DHEC met in February to form a Zika Task Force to prepare for potential outbreaks, which includes spraying for mosquitoes in areas where South Carolina residents with Zika virus live and frequent.
Hall said men exhibiting symptoms should also be tested for Zika virus, too, if they have been bitten in affected regions. He said one way Zika is different from other mosquito-borne illnesses is that it can be spread through sexual contact.
“The concern is for sexual transmission,” he said. “The virus does seem to persist in semen longer than it persists in the blood.”
Hall said the best strategy to avoid Zika is to avoid mosquito bites by using insect repellent, such as DEET, picaridin or permethrin. People who return from a Zika-affected area and may have been exposed are asked to use insect repellent when they return home for at least eight weeks to reduced the chance of it becoming a locally transmitted infection. Men who may have been exposed should avoid spreading it through semen for at least six months.
It took about a week to hear back from Hall, but I’m glad to report that a health crisis was averted. Well, at least one caused by me.
Hopefully my experience can serve as a reminder to others about the possible risks associated with traveling internationally, and how we can bring those problems home with us.
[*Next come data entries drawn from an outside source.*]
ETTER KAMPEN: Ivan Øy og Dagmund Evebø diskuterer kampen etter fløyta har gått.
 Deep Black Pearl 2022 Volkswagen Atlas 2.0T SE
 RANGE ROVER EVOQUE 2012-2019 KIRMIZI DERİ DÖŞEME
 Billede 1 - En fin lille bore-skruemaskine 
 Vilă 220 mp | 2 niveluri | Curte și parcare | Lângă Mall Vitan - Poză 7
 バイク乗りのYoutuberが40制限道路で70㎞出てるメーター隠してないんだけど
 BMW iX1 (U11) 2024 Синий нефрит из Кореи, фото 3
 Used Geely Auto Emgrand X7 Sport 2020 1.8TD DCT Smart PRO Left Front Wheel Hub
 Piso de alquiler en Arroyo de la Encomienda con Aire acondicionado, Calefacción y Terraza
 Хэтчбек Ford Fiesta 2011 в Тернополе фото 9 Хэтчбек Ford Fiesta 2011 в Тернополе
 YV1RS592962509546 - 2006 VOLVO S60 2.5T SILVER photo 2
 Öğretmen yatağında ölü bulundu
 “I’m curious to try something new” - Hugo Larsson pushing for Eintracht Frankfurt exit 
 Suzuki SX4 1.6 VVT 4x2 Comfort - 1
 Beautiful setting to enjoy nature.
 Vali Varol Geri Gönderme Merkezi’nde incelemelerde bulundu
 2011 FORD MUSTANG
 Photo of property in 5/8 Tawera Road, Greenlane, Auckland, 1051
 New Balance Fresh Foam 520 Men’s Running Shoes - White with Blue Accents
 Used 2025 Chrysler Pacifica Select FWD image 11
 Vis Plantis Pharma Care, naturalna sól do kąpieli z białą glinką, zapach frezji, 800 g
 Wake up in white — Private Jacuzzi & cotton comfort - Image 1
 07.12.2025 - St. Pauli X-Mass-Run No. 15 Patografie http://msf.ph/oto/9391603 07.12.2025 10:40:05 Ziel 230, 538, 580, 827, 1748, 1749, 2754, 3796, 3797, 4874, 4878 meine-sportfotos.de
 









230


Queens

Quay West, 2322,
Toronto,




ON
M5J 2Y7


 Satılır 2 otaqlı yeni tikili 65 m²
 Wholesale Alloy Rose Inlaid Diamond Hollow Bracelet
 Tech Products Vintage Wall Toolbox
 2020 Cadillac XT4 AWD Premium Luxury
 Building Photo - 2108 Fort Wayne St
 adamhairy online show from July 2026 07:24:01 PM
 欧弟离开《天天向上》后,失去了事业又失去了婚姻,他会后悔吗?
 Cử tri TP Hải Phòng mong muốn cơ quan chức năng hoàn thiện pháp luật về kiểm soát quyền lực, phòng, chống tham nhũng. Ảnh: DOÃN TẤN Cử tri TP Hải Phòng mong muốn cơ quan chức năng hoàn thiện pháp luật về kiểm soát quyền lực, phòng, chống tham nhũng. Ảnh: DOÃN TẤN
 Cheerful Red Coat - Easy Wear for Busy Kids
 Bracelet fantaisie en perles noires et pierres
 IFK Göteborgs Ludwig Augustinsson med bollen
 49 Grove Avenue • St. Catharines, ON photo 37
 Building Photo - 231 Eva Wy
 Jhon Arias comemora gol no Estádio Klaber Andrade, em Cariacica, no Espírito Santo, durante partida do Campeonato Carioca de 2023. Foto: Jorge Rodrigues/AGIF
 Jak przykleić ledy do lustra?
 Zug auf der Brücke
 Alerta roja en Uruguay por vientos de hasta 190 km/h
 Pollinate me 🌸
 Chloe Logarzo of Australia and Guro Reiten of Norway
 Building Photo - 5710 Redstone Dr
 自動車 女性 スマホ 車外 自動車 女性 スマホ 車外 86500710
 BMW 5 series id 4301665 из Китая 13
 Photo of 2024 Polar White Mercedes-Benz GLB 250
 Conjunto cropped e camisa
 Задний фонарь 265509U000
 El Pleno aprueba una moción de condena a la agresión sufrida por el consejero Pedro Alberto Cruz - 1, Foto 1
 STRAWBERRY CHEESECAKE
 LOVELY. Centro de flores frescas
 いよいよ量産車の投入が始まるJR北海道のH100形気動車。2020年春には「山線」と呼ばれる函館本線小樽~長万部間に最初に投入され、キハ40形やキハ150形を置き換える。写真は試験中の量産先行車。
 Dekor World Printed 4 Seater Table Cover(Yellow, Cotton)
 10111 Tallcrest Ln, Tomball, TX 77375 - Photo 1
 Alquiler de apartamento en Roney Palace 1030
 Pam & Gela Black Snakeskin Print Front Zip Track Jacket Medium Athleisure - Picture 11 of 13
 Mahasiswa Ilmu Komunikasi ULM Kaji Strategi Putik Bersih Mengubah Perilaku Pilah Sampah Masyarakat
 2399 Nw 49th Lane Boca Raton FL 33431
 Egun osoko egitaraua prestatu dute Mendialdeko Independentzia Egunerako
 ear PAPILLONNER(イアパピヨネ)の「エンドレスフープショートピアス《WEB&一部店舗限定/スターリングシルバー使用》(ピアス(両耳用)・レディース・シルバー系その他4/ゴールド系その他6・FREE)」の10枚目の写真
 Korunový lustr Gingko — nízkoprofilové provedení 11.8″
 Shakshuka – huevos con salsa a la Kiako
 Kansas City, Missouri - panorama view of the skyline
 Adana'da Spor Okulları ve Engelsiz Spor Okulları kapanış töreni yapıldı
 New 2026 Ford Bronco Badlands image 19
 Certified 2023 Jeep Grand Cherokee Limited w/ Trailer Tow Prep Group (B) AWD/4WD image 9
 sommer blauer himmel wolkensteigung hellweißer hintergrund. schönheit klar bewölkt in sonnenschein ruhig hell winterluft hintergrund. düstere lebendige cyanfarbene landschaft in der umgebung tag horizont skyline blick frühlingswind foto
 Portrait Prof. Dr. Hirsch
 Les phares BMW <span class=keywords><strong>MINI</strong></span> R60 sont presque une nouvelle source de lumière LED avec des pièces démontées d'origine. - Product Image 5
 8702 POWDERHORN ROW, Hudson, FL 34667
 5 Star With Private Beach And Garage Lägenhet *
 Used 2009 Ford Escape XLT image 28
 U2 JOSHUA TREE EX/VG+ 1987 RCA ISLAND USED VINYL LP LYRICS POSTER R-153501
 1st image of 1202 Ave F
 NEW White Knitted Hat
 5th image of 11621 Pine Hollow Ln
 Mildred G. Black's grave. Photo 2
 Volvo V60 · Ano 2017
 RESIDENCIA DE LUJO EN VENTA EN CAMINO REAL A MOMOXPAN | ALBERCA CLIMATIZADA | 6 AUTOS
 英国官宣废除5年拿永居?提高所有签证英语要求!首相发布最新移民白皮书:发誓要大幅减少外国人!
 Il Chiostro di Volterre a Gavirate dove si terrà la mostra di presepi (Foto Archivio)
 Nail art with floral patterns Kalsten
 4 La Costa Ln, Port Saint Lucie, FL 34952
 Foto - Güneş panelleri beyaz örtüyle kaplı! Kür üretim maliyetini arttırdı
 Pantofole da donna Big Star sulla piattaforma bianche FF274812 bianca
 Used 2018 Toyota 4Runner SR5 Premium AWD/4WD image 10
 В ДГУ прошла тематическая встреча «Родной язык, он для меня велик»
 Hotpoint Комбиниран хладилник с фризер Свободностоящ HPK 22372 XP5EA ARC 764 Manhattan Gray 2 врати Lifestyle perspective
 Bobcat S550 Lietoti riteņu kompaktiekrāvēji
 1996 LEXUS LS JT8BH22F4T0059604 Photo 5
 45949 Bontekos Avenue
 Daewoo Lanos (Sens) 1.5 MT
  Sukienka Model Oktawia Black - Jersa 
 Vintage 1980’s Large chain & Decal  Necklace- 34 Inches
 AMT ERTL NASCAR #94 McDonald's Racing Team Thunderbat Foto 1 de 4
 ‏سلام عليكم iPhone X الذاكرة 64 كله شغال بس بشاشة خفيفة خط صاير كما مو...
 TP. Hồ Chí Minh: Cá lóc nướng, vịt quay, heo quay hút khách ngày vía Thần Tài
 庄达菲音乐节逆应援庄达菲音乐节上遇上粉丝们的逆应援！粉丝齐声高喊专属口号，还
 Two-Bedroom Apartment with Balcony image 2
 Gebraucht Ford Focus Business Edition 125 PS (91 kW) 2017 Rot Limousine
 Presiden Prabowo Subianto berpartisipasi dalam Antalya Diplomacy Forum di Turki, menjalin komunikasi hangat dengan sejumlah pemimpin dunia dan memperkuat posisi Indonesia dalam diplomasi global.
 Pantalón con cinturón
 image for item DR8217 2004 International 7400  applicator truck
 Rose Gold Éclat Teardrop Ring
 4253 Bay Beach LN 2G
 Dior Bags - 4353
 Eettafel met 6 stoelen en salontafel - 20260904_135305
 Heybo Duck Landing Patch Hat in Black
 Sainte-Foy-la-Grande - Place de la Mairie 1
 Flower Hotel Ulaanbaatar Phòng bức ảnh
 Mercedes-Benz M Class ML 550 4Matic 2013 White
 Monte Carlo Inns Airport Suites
Many infected people will have no or only mild symptoms, which can last for several days to a week. Zika virus usually remains in the blood of an infected person for about a week, but it can be found longer in some people.
Countries and territories with active Zika virus transmission:
Argentina, Aruba, Barbados, Belize, Bolivia, Bonaire, Brazil, Colombia, Puerto Rico, Costa Rica, Cuba, Curacao, Dominica, Dominican Republic, Ecuador, El Salvador, French Guiana, Grenada, Guadeloupe, Guatemala, Guyana, Haiti, Honduras, Jamaica, Martinique, Mexico, Nicaragua, Panama, Paraguay, Peru, Saint Barthélemy, Saint Lucia, Saint Martin, Saint Vincent and the Grenadines, Saint Maarten, Suriname, Trinidad and Tobago, U.S. Virgin Islands, Venezuela,
American Samoa, Fiji, Kosrae, Federated States of Micronesia, Marshall Islands, New Caledonia, Papua New Guinea, Samoa, Tonga
How Zika virus spreads:
The mosquitoes that carry Zika are aggressive daytime biters, but they can also bite at night. A mosquito becomes infected when it bites a person already infected with Zika. That mosquito can then spread the virus by biting more people. Zika virus can also spread:
▪ During sex with a man infected with Zika.
▪ From a pregnant woman to her fetus during pregnancy or around the time of birth.
▪ Through blood transfusion (likely but not confirmed).
Source: CDC. To learn more about Zika virus, visit www.cdc.com/zika/
Steps for South Carolinians to get tested for Zika virus through DHEC:
1. If you have been to a Zika-affected area, meet with your physician, such as a family doctor or a OB/GYN if you are pregnant.
2. Explain any symptoms you have.
3. You doctor will contact DHEC with the information.
4. DHEC will decide who will receive testing.
5. If approved, your physician will collect urine and/or blood samples and send them to DHEC.
6. DHEC or your physician will contact you in about a week with your results.